RedImperator wrote:What? Koji, what the fuck are you talking about? Opposition to the war in Vietnam never had a damned thing to do with the civil rights movement, except that a number of people aready involved in the latter got involved in the former. The biggest legal battles of the civil rights movement were won years before American intervention was ramped up in Vietnam. The Vietnam era civil rights movement was characterized by Dr. King's followers arguing with revolutionaries and black nationalists (an unmitigated disaster for the cause of racial equality, but I digress).
I was hesistant to even begin on the civil rights thing, but Mike brought up the CVM in relation to my arguement so I was flowing with his interpretation of the CVM.
Vietnam provided a rallying point for the counterculture that grew out of rebellion to the stiff conformist future promised by the fifties, but it didn't create the countrculture and it didn't cause any miraculous breakthroughs in the rights of the people.
I never said it was the sole origin for these things, but like you said, it provided a rallying point, which pushed alot of the counterculture issues into public consciousness. No, there were no miraculous breakthroughs in the rights of people, but there were SOME breakthroughs, as well as alot of breakthroughs in the culture of the nation.
Hell, it wasn't really even that important overall--most people in the 60s and 70s thought the counterculturarlists were at best misguided kids on a lark and at worst traitors, and even most of the "radicals" ended up getting jobs and raising a family in the suburbs.
And here we are today with a society entirely different then that of the 60s and 70s BECAUSE of the counterculture movement, BECAUSE of the antiestablishmentarian [...] activism.
The civil rights movement of the lat fifties and early sixties was far more important in changing American attitudes.
Towards segregation. But MLK had nothing to do with acceptance of free speech, sexuality, non-christian anything.. That was all counterculture, which was pushed-on by the Vietnam War.
Vietnam was just a clusterfuck that killed tens of thousands of Americans and millions of Vietnamese. We should have told the French where to get off in 1946 instead of supporting their effort to get their colony back ("Hey, that's what you get for coddling Hitler. Now go eat some frog legs or something.")

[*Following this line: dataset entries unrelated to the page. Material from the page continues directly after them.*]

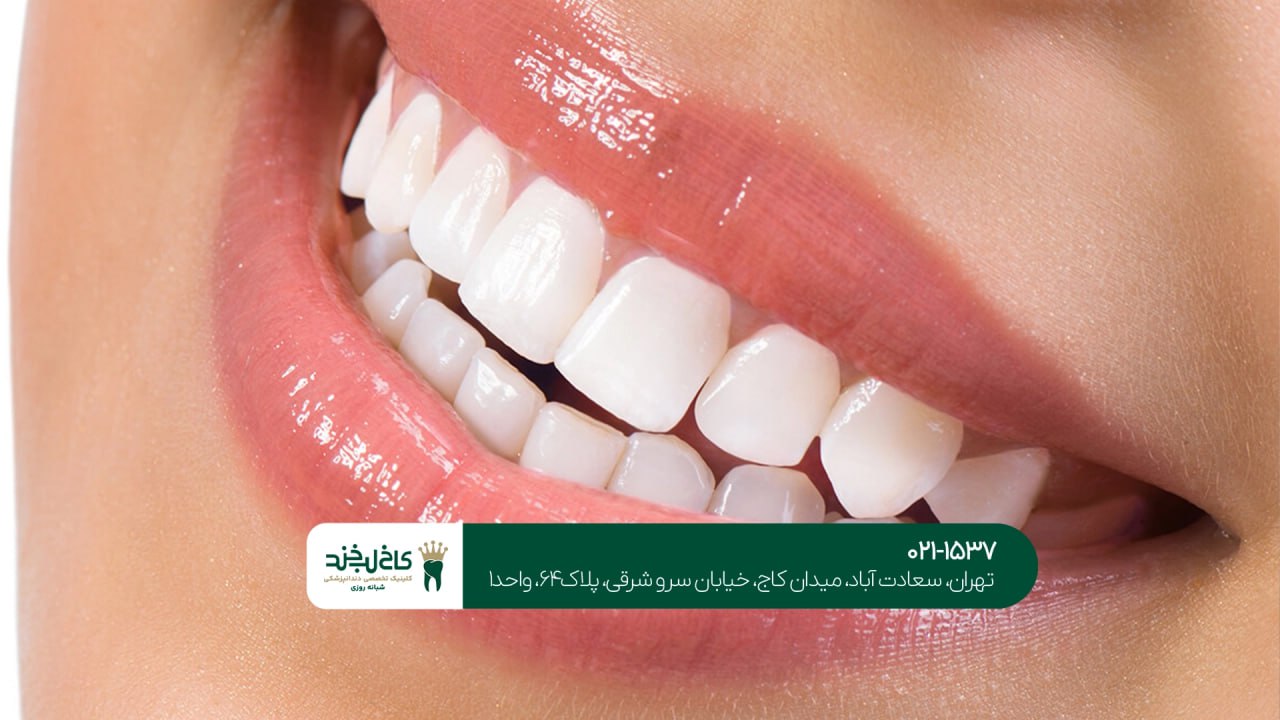 دندانپزشکی زیبایی برای طرح لبخند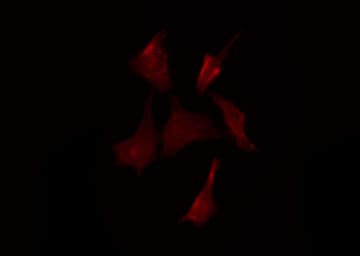 Polyclonal Rabbit anti-Human LILRA1 / LIR6 Antibody (IF, WB)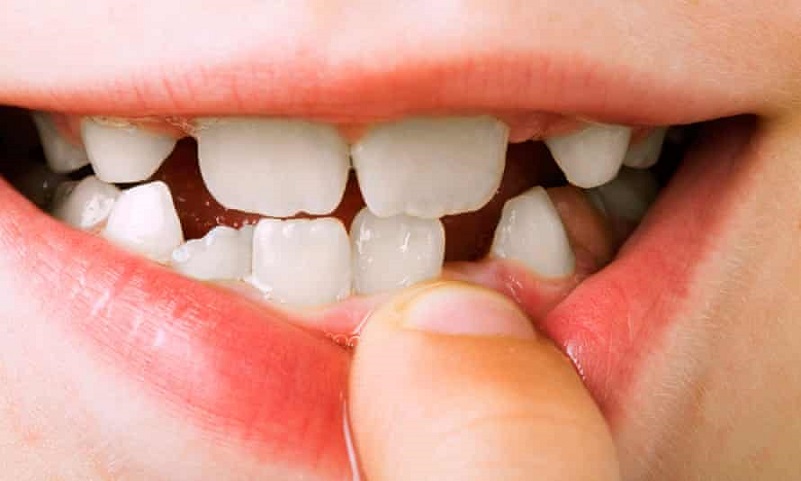 牙周炎的五步治療的方法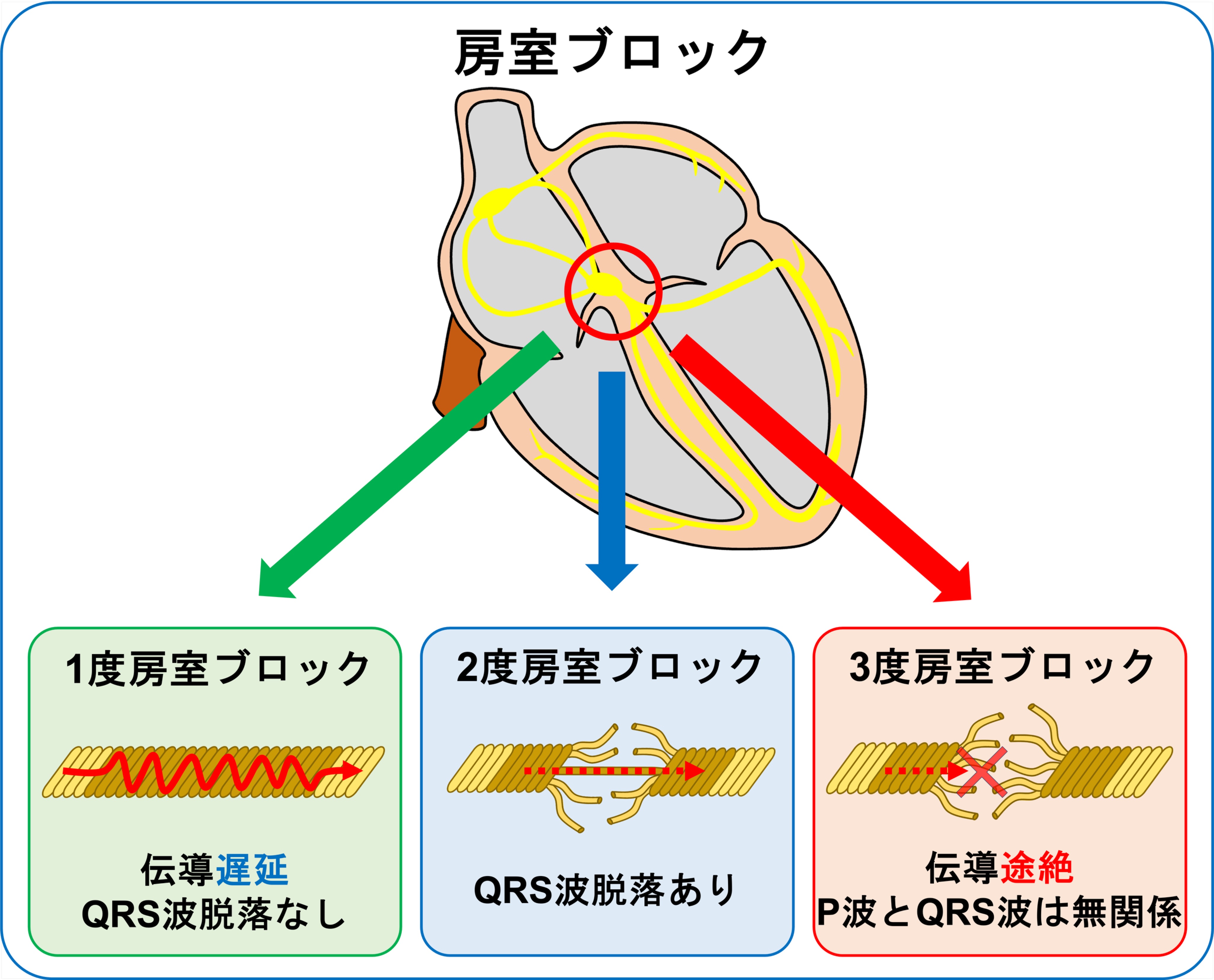 専門医のための循環器病学【裁断してません】 専門医のための循環器病学 | 書籍詳細 | 書籍 | 医学書院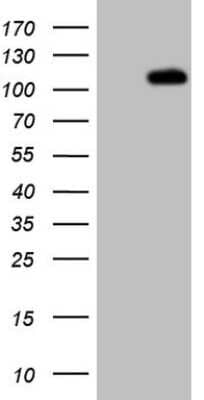 Western Blot: C1orf106 Antibody (6A6) [NBP2-46597] - Analysis of HEK293T cells were transfected with the pCMV6-ENTRY control (Left lane) or pCMV6-ENTRY C1orf106.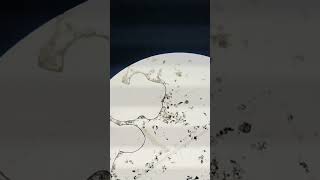 Zooplankton found in pond water biology microscopevideo [upl. by Chill]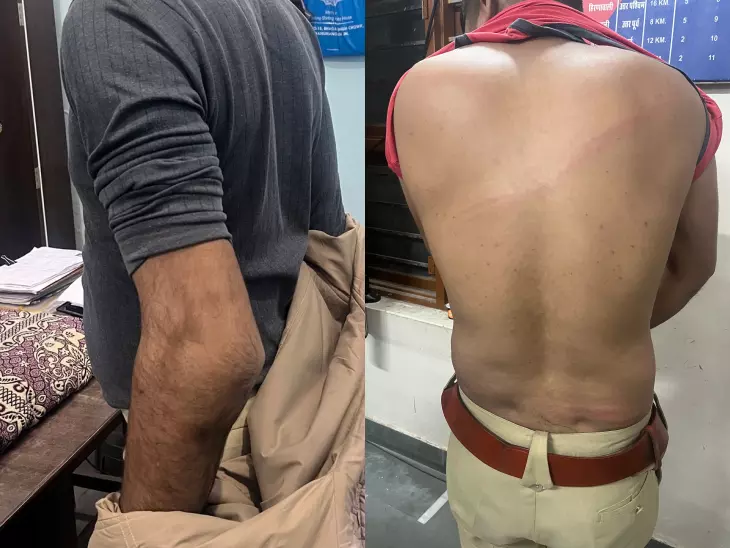 Hanumangarh: लोगों ने गुल्लक चोरी के आरोपी को पकड़ने गई पुलिस पर किया हमला Hanumangarh: लोगों ने गुल्लक चोरी के आरोपी को पकड़ने गई पुलिस पर किया हमला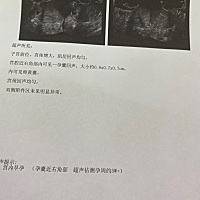 到底正常不正常  HCG167226.4 孕酮36.66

Perhaps, but as you said, it provided a rallying point for the counterculture to make its opinions known about the state of society at the time. What I'm asking is, would not having that rallying point have been better or worse? Would society have had to deal with the social conflicts that were driven by the Vietnam War and its own conflict with the counterculture movement?
Sì! Abbiamo un' anima! Ma è fatta di tanti piccoli robot.